L'article 9 bis consacre l'accord signé en mai dernier, en excluant du dispositif des bonus-malus de l'assurance chômage les fins de contrat pour inaptitude ou faute lourde.
Grâce à la mobilisation des partenaires sociaux et des services du ministère, l'ANI du 25 juin a donc aussi été pris en compte. Les articles 10 et 11 et 12 ont consacré trois avancées : la création d'un dispositif unique de reconversion interne ou externe ; le ciblage des projets de transition professionnelle à l'initiative des salariés vers les métiers qui comptent ; et enfin le repositionnement de l'entretien professionnel, pour un meilleur suivi des compétences et des parcours.
Nous devons mieux répondre à l'usure professionnelle des salariés en leur permettant de changer de métier en cours de carrière. Nous posons les briques du maintien dans l'emploi des 50 ans et plus.
Ces évolutions interviennent à un moment de grande transformation de notre économie. Nous devons mieux accompagner les salariés, entreprises et territoires touchés par des restructurations, pour assurer une meilleure continuité professionnelle.
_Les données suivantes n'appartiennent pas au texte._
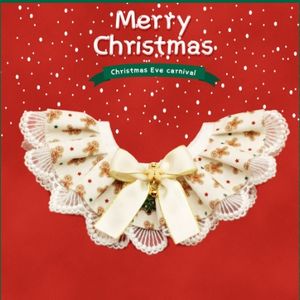 Toallas navideñas de encaje para mascotas, Baberos para perros y gatos, suministros de aderezo para mascotas de otoño e invierno - Product Image 3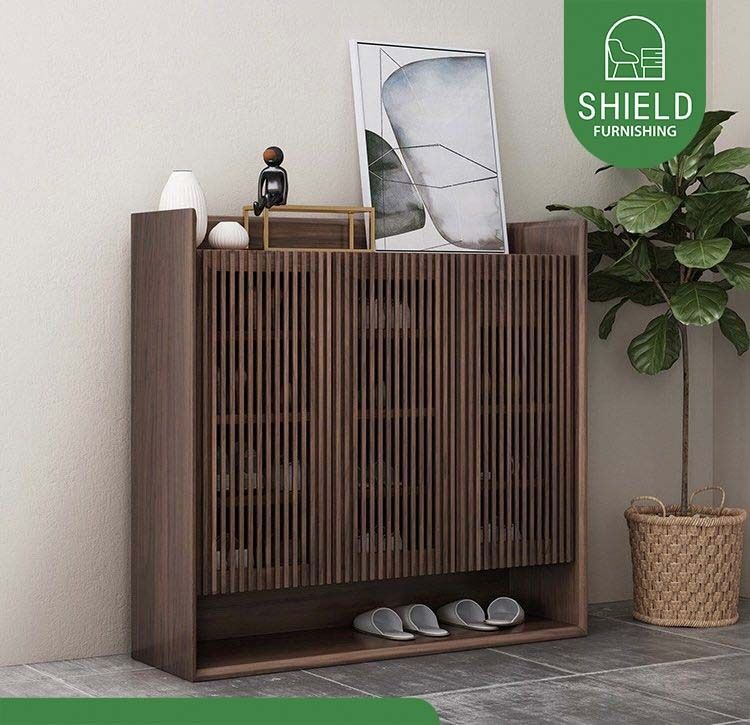 Walnut sales shoe rack
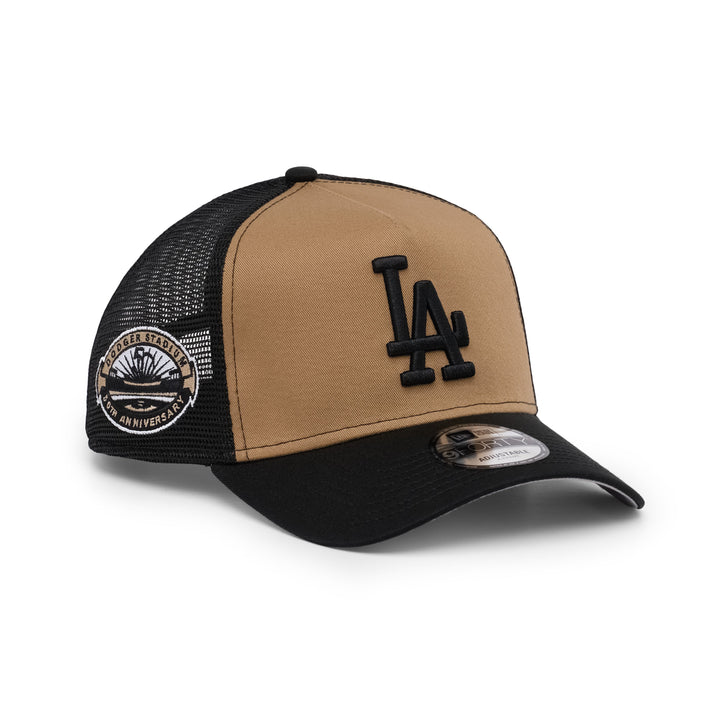 9FORTY A-Frame Trucker Los Angeles Dodgers Stadium 50th Anniversary Khaki Black Snapback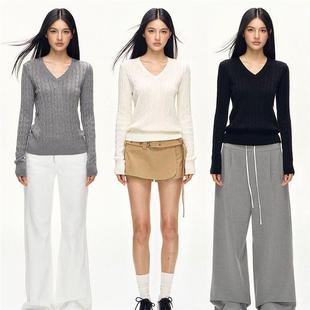 101PASSION V领麻花毛衣女早秋韩系氛围感内搭打底修身针织衫上衣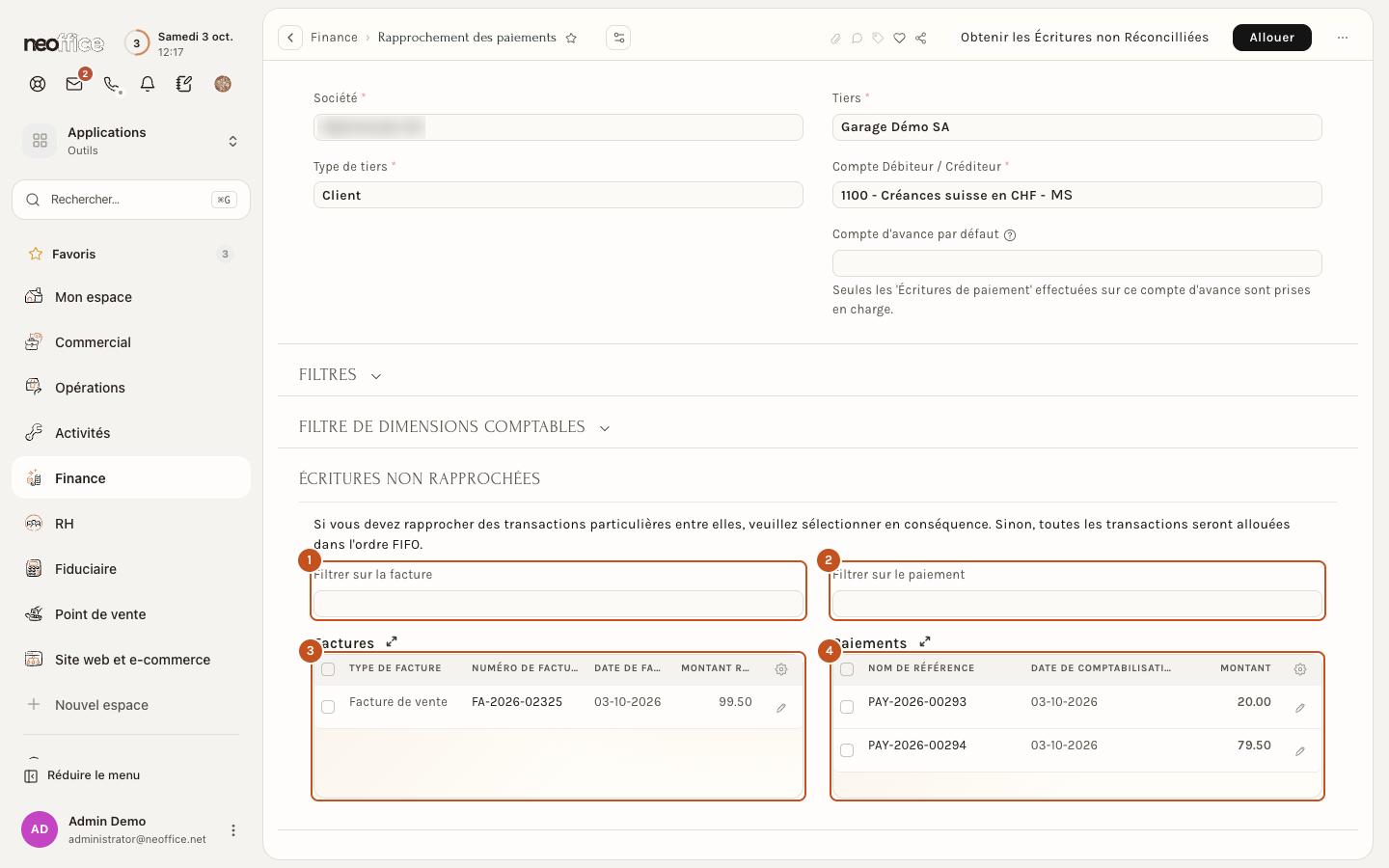 Les tableaux Factures et Paiements : filtres sur le nom, factures ouvertes, paiements et notes ouverts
Je suis très heureuse que nous respections l'ANI s'agissant de la gouvernance relative à la gestion et à la répartition des fonds des projets de transition professionnelle. J'en remercie encore les rapporteures. Le Gouvernement a effectivement déposé un amendement pour remédier à l'irrecevabilité financière. Je salue l'esprit de responsabilité des partenaires sociaux, et me réjouis de voir la démocratie sociale renforcer la démocratie représentative.
Sous réserve de l'adoption de l'amendement du Gouvernement, je vous invite à adopter le texte. Je regrette que l'examen des conclusions de la CMP n'ait lieu qu'en septembre à l'Assemblée nationale (Mmes Anne-Marie Nédélec et Frédérique Puissat renchérissent) ; tout ce temps perdu, alors que les partenaires sociaux et le Sénat ont tenu les délais... Nous nous retrouverons cet automne pour d'autres rendez-vous importants. (Applaudissements sur les travées du groupe UC et au banc des commissions ; M. Marc Laménie applaudit également.)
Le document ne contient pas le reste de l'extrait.